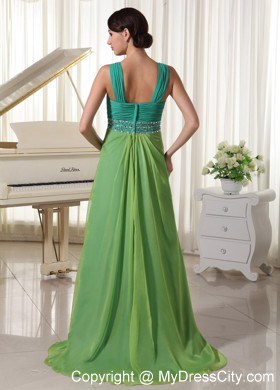 Straps Beading and Ruching Prom Dress in Teal and Spring Green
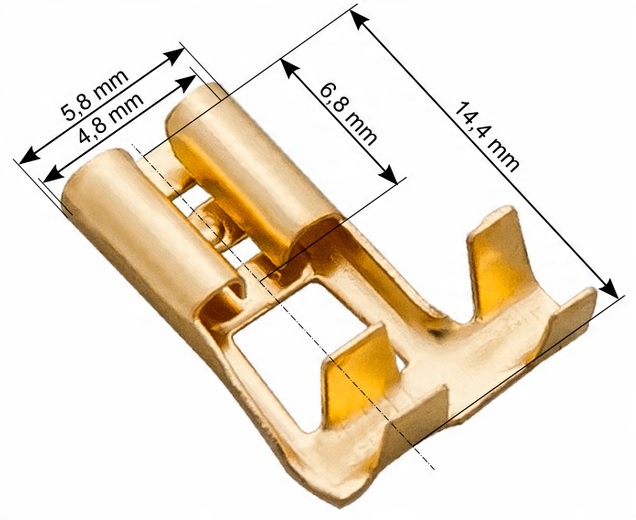 

Konektor żeński 4,8mm Kątowy kąt Kpl 100szt (1795)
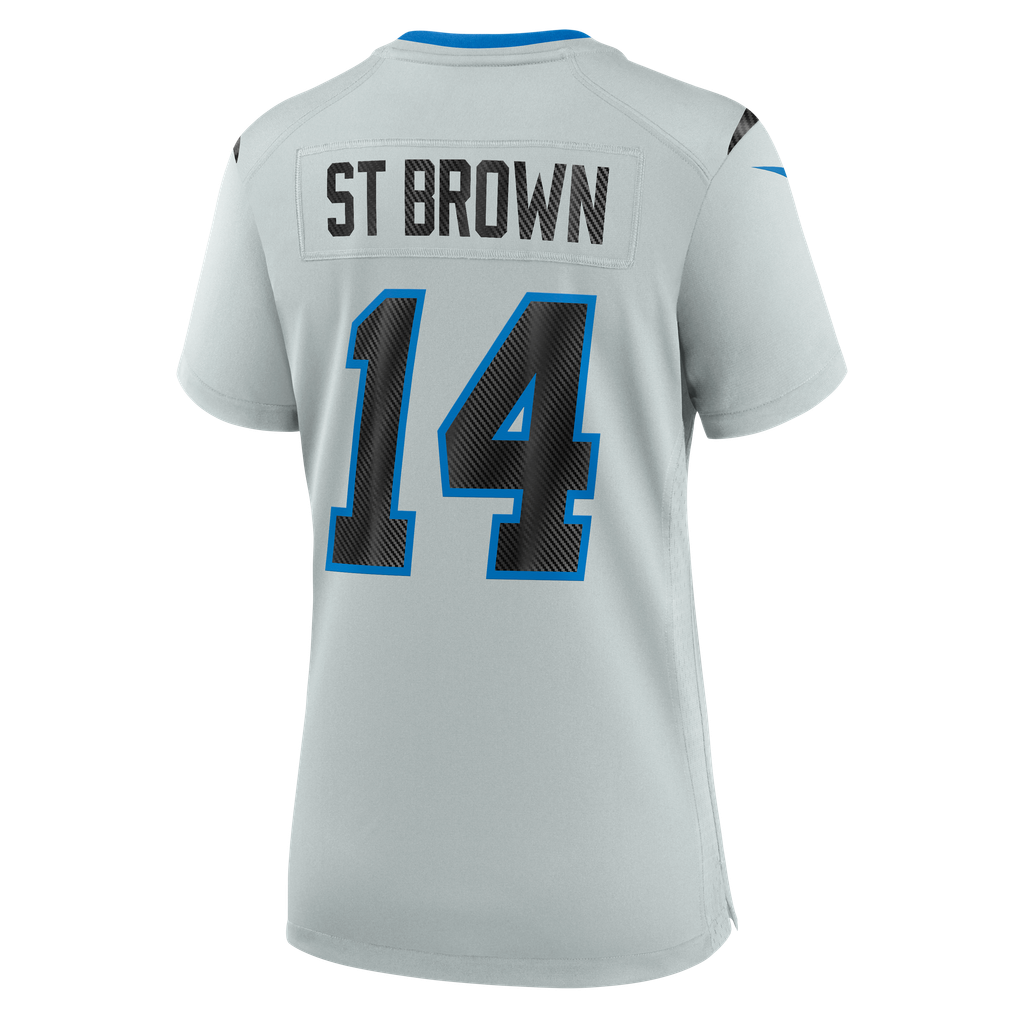 Women's Detroit Lions Amon-Ra St. Brown Nike Silver 2026 Rivalries Collection Game Jersey - Image 4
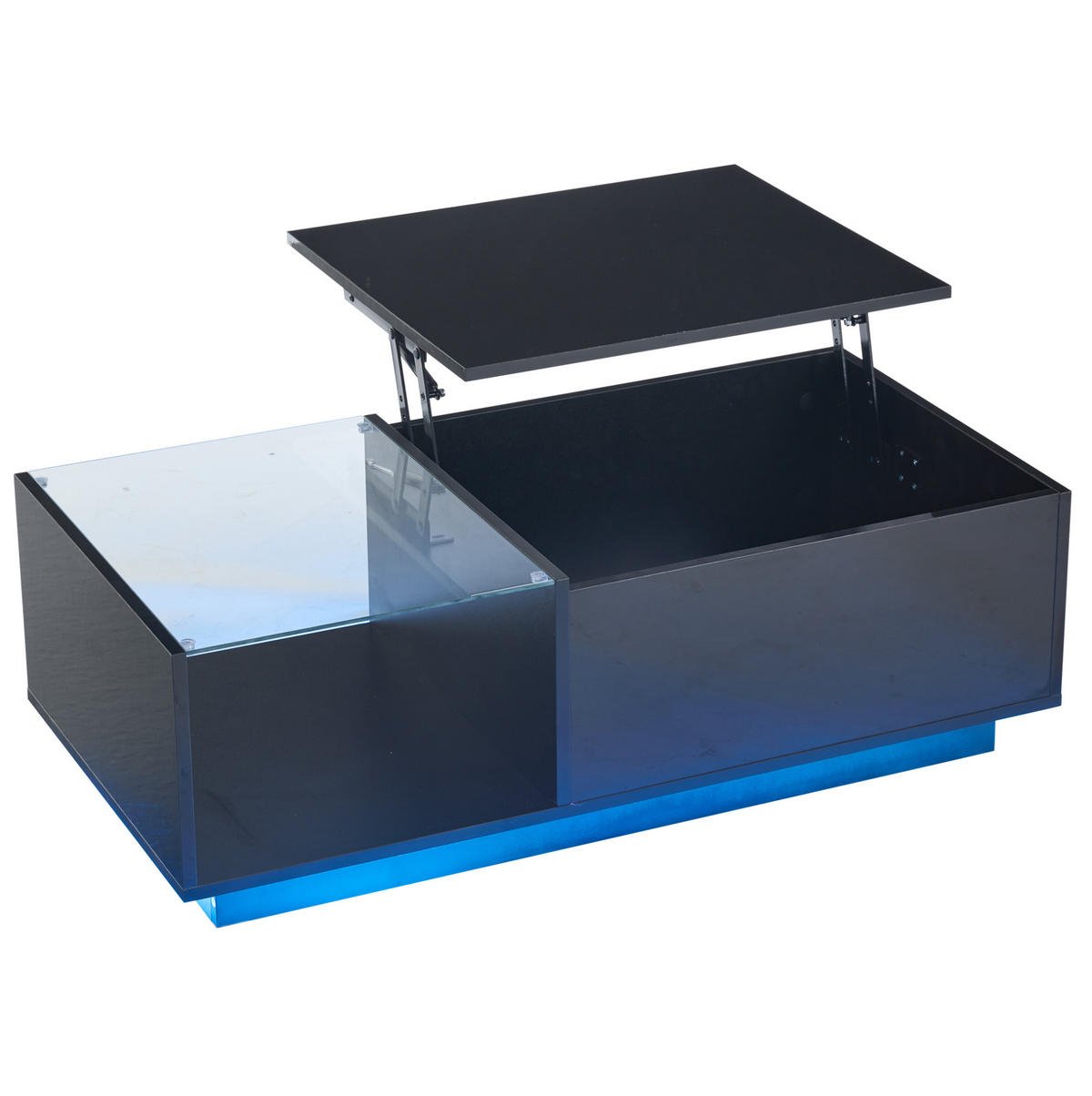 COUCHTISCH aus Spanplatte 100x50x33-46,5 cm in Schwarz mit LED-Beleuchtung - Schwarz, Holzwerkstoff (100/50/46.5cm) - Modfu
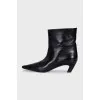 Leather ankle boots with a beveled heel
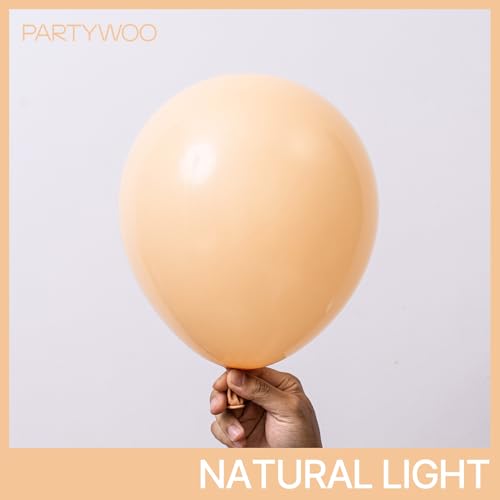 Image of PartyWoo Apricot Balloons, 100 Pcs, Different Sizes Pack, Perfect for Birthday, Baby Shower, Wedding Decorations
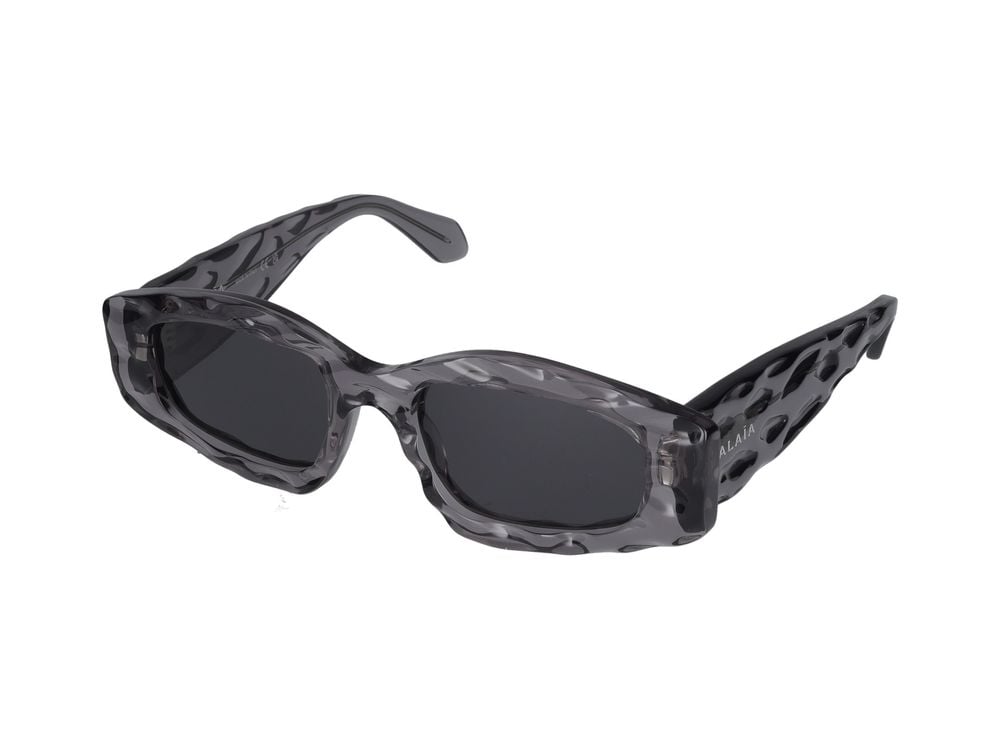 Alaïa Grey Wavy Textured Oversized Rectangular Sunglasses Grijs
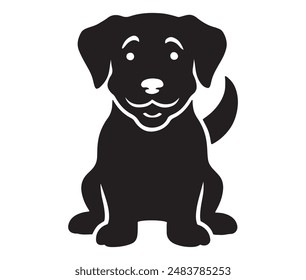 Happy Dog silhouette art vector illustration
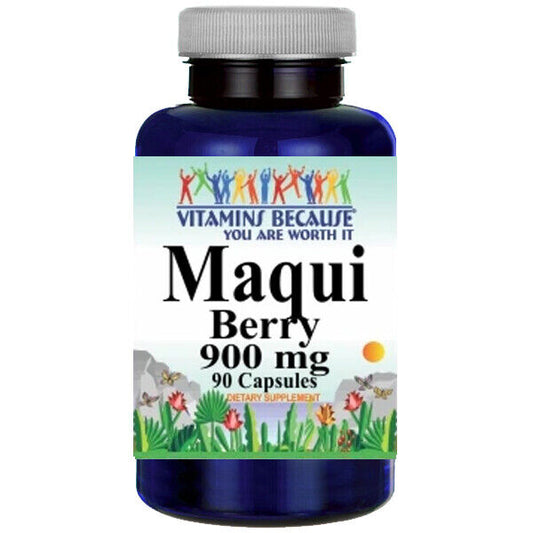 Maqui Berry 900mg 90 Caps Super Antioxidant (Aristotelia Chilensis) Vita Because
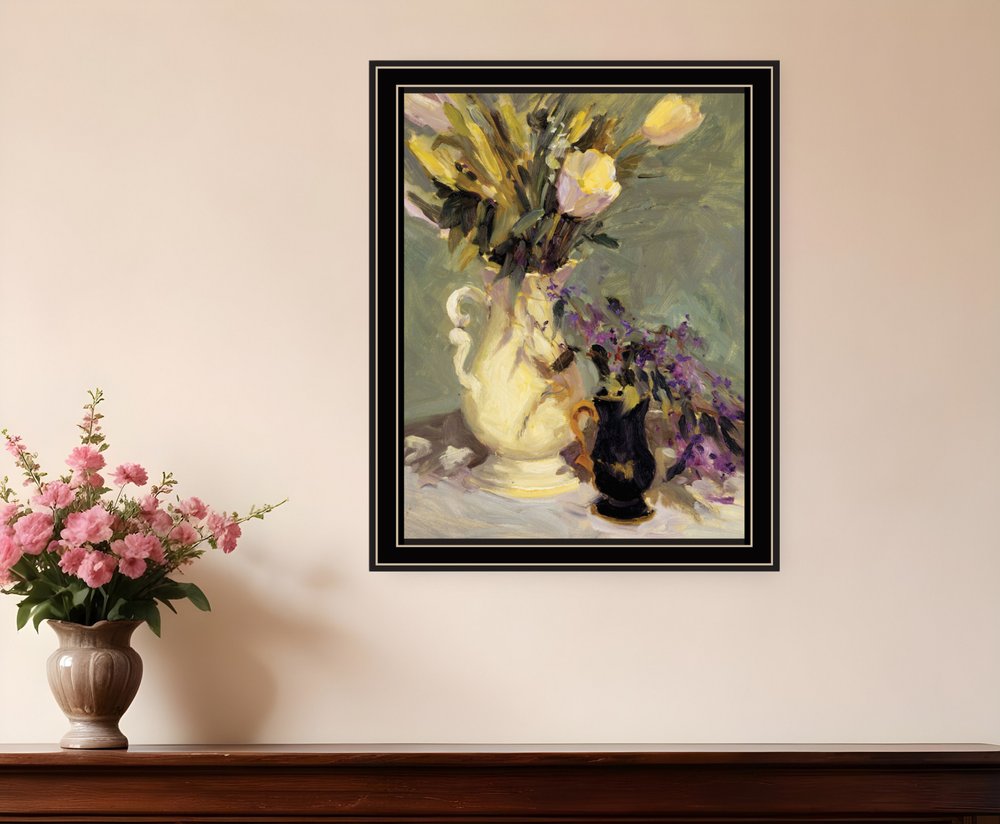 Tulips and Lavender Black Framed Print Wall Art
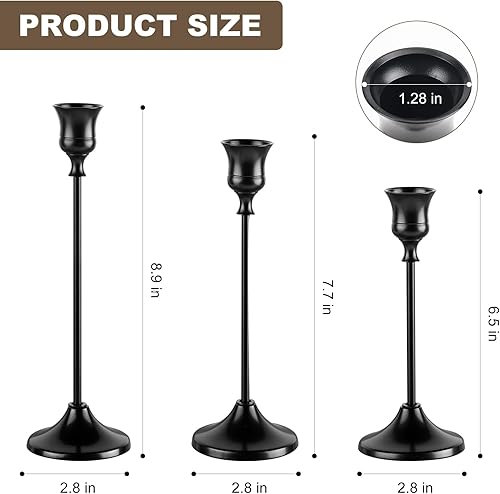 Miniatura 2 de Portavelas de metal, 9 portavelas cónico de metal, portavelas negros para candelabros, portavelas para decoraciones de Halloween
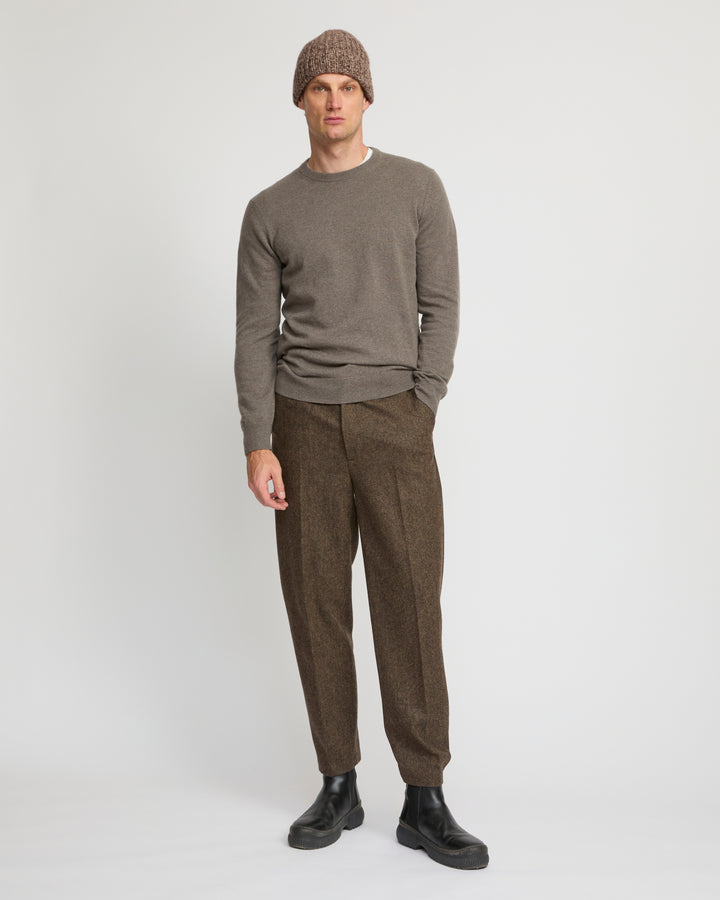 Crew neck knit jumper in 100% cashmere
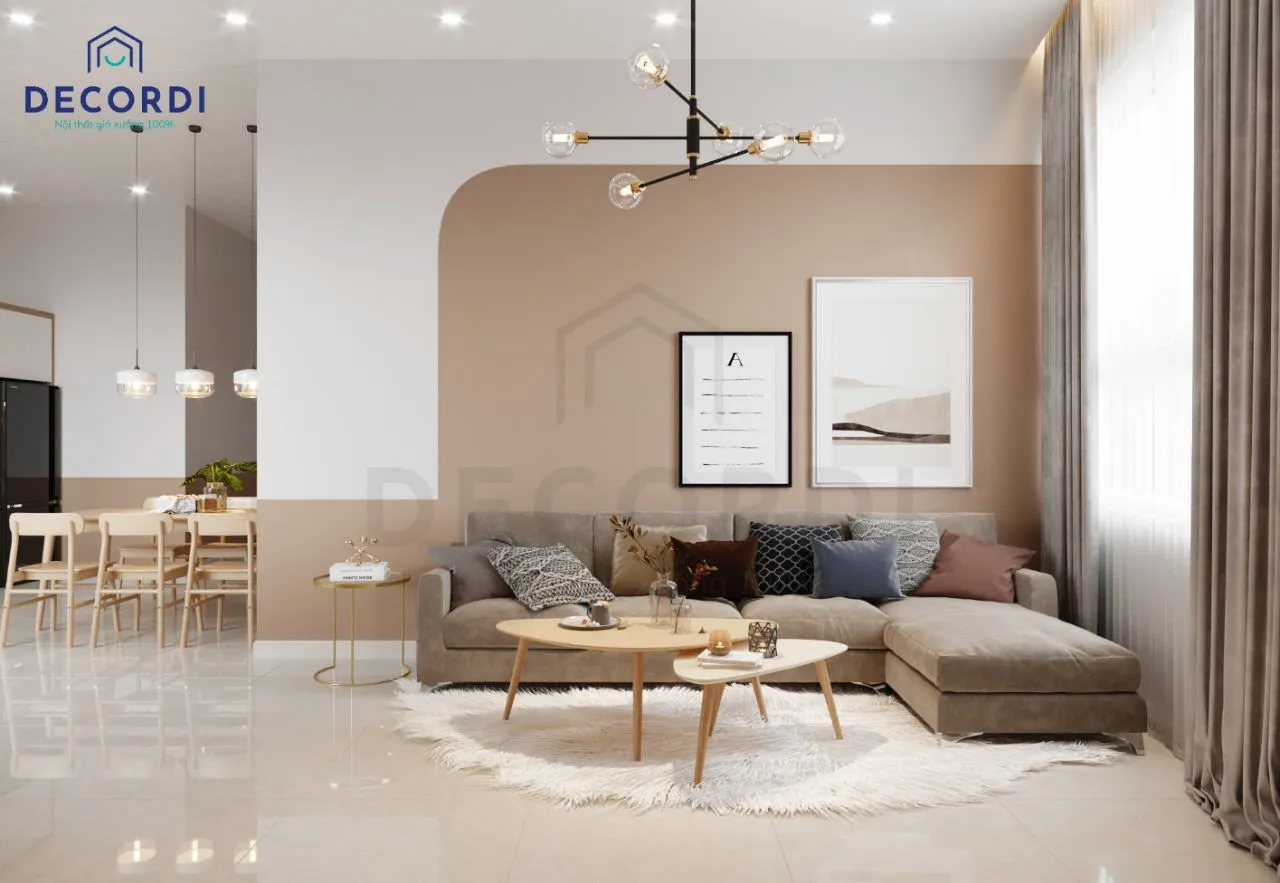 Thiết kế phòng khách nhỏ 10m2 bên cạnh cửa sổ lớn đón trọn vẻ ánh sáng tự nhiên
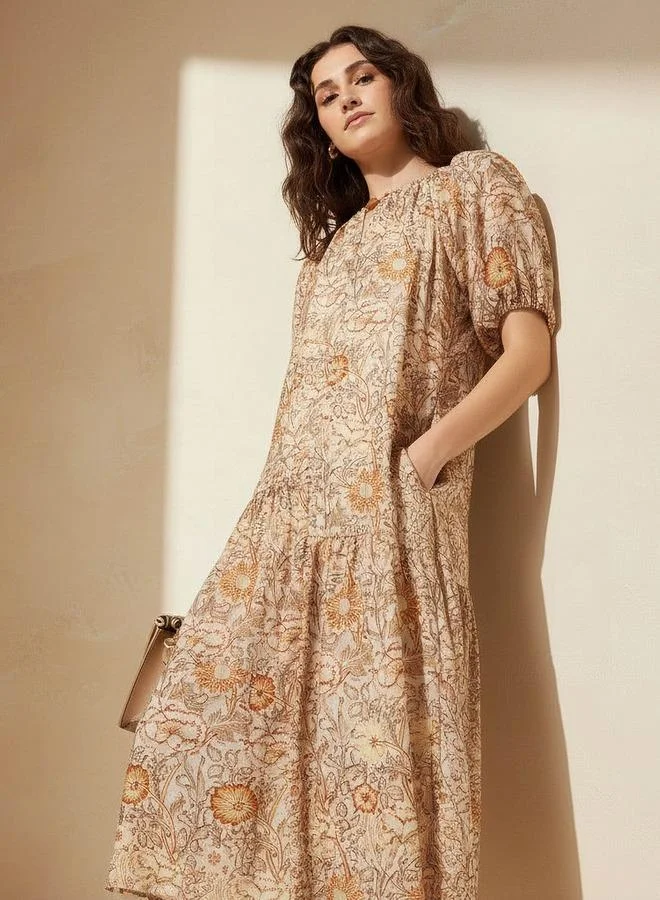 Splash FAV Tiered Women Dress with Floral Print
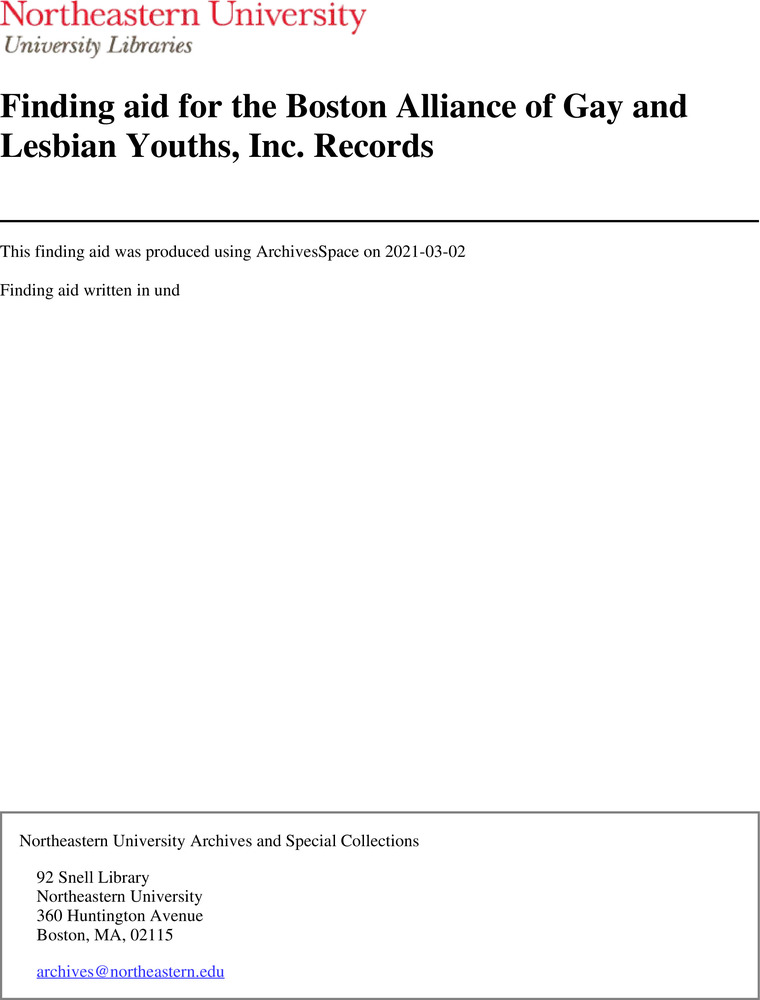 Download the full-sized PDF of Finding aid for the Boston Alliance of Gay and Lesbian Youths, Inc. Records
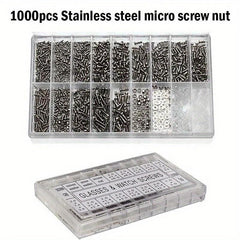 1000 Pcs Eyeglasses Screw Set Nose Bridge Support Leg Nuts Rimless Spacer Cap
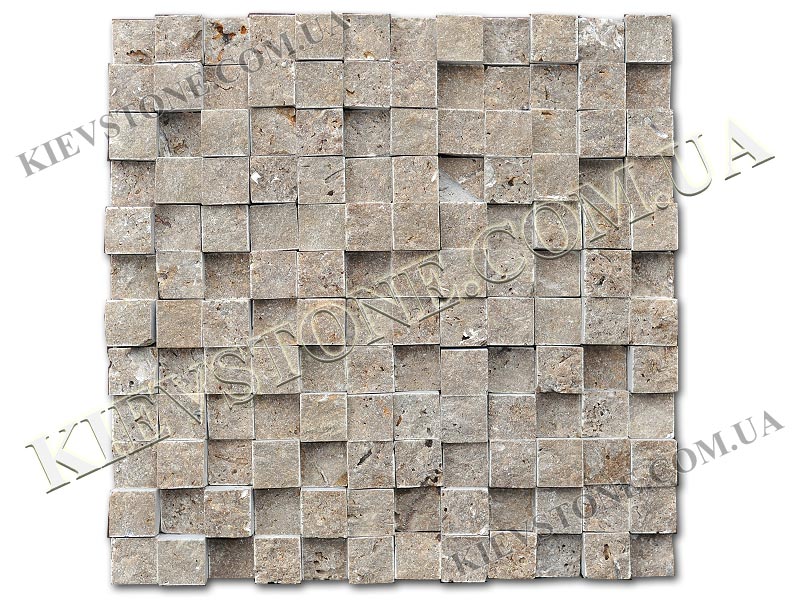 Travertine mosaic grey 2,3х2,3х1-2 см split fase KievStone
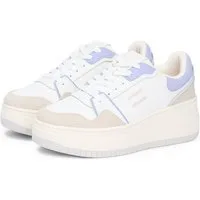 Tommy Jeans TJW RETRO BASKET FLATFORM Plateausneaker, Freizeitschuh, Halbschuh, Schnürschuh mit Kontrastbesätzen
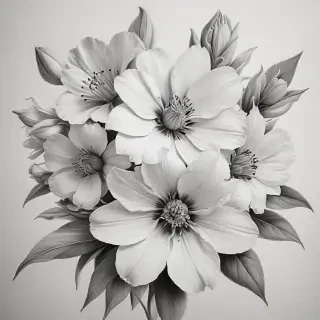 pencil drawing flowers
+++
_Work to be completed_
With the pictures omitted, print the lines above exactly, beginning at the line with "Happy Dog silhouette art vector illustration" and going on through the line with "Miniatura 2 de".

_Task answer_
 Happy Dog silhouette art vector illustration
 Maqui Berry 900mg 90 Caps Super Antioxidant (Aristotelia Chilensis) Vita Because
 Tulips and Lavender Black Framed Print Wall Art
 Miniatura 2 de Portavelas de metal, 9 portavelas cónico de metal, portavelas negros para candelabros, portavelas para decoraciones de Halloween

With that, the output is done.